Jantar Mantar, New Delhi
Summer: March-June (25°C - 47°C)
Winter: December-February (1°C - 25°C)
Best time to visit:
Opening Time: 09:00 a.m.
Closing Time: 07:00 p.m.
Weekly Holiday: N/A
Entry Fees for Indians
Video Camera: N/A
Entry Fees for Foreign Nationals
Out of the five popular astronomical observatories built by Maharaja Jai Singh II, the very first one came into existence in 1724. Known as Jantar Mantar, it is among the most sought-after tourist sites of New Delhi. Home to 13 astounding geometrical instruments made of brick rubble, it has been the place for astronomical observations for decades. Though, the coming up of tall building around it has taken the toll of instruments’ accuracy, it still holds magnificence as a must-visit hotspot.

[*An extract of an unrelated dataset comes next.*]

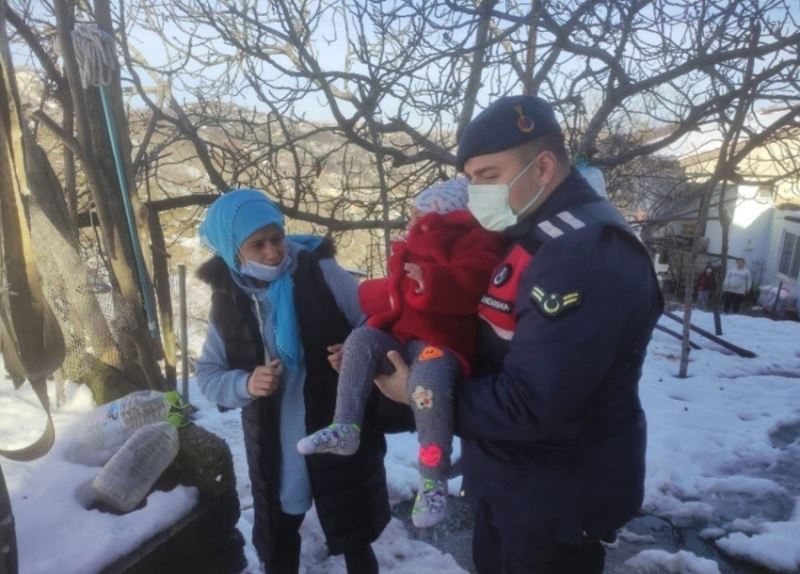 Jandarma ekipleri hastalanan çocuğun imdadına yetişti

Samrat Yantra, a sundial in the form of a giant triangle is undoubtedly the biggest highlight of the place. Jayaprakash Yantra is useful in studying the positions of the stars while Misra Yantra records year’s shortest and longest days and precise noon moments in various cities of the world. Niyati Chakra, Ram Yantra and many other instruments exemplify the fabulous blend of science and architecture.

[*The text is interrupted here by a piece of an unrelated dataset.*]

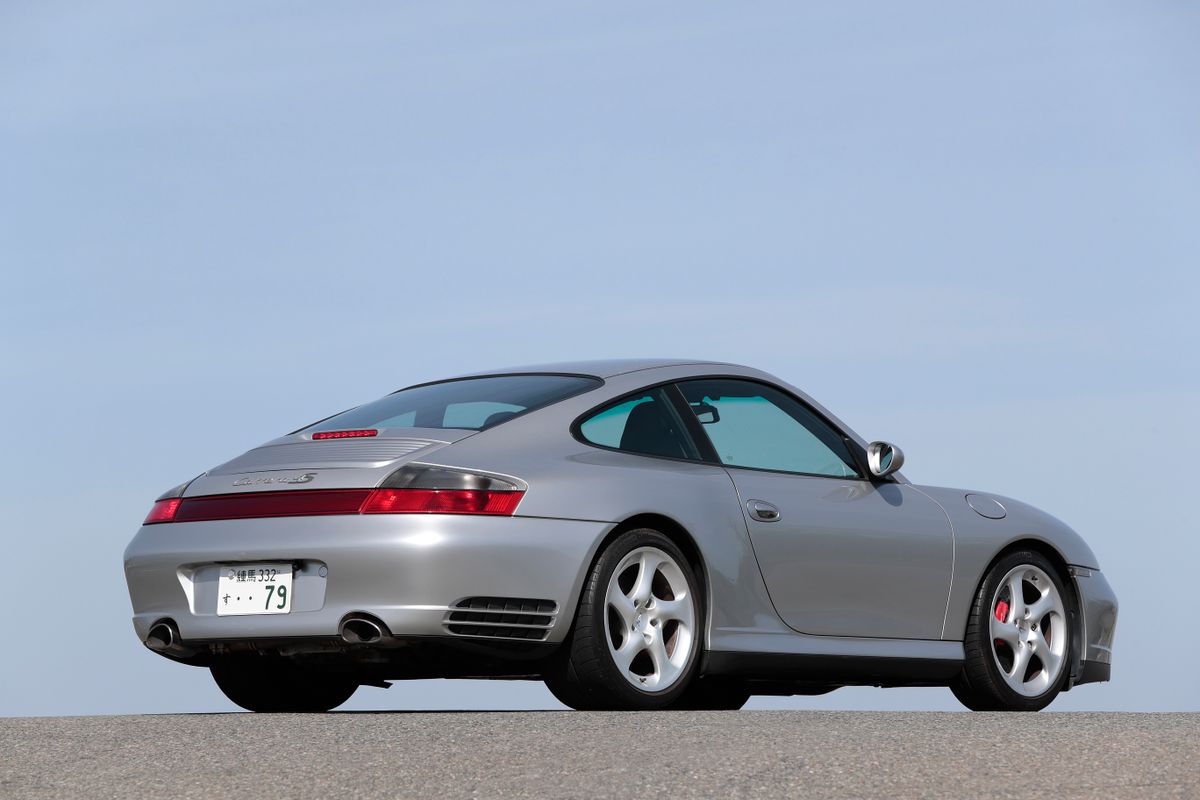 2017年に79号車ことポルシェ911 カレラ4S（996型）が編集部にやってきた時の様子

The observatory is located at Connaught Place, just about 2 km. from the Sansad Bhavan building. Sansad Road, one of the most popular roads of the National Capital, can be taken to approach the place. Local buses, taxis, auto-rickshaws and cycle-rickshaws are all convenient modes to reach the place.

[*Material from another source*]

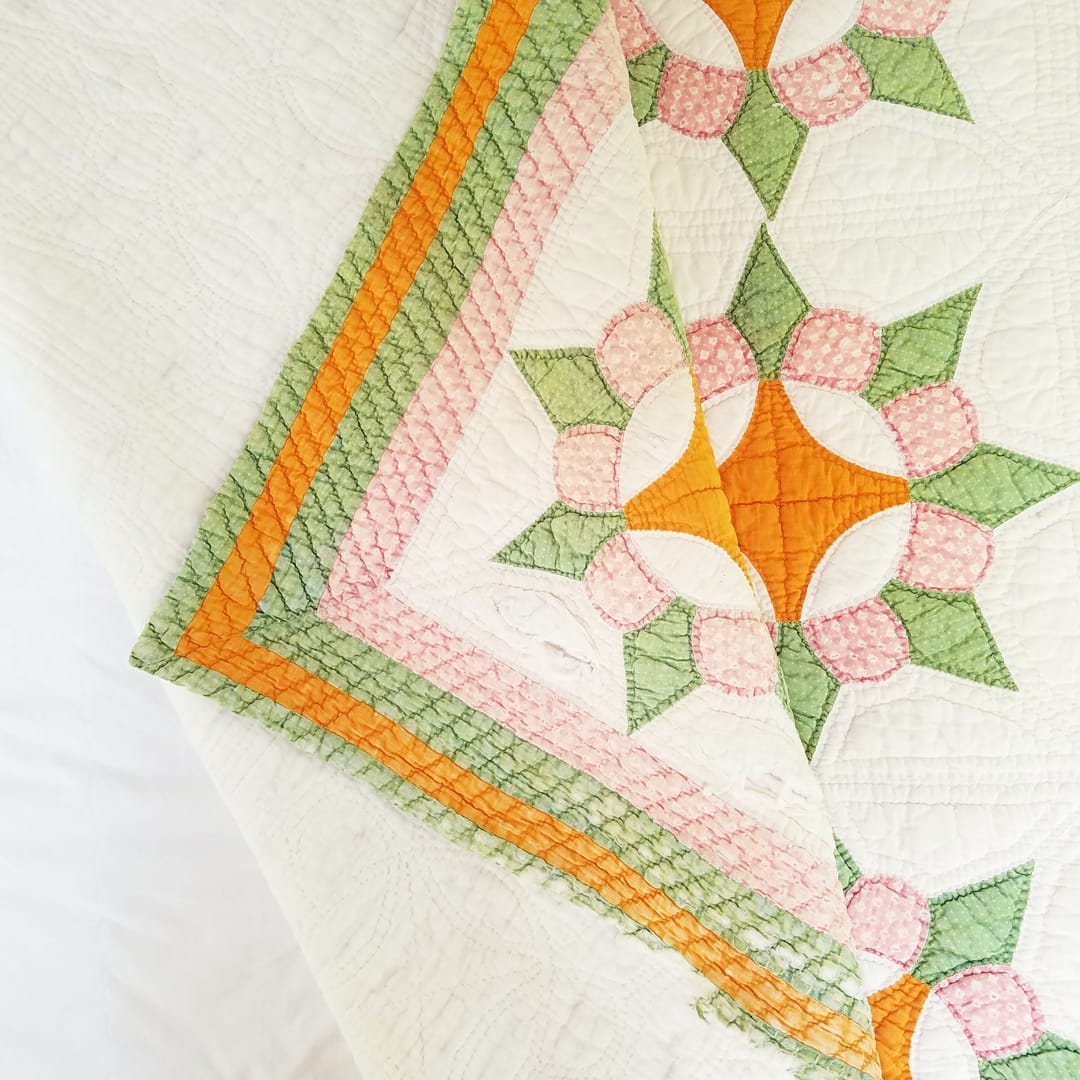 Full Blown Tulip Quilt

New Delhi Railway Station is only about 2 km. from the observatory. When travelling by metro, you can get down at Patel Chowk Station (less than 1 km.), Shivaji Stadium (about 1.5 km.) or Rajiv Chowk (about 2.5 km.). Cycle-rickshaws are the most convenient modes from each of these points.
Get down at Delhi International Airport from where the observatory is only about 14 km. away. Local buses, taxis and auto-rickshaws from the airport can drop you at the monument.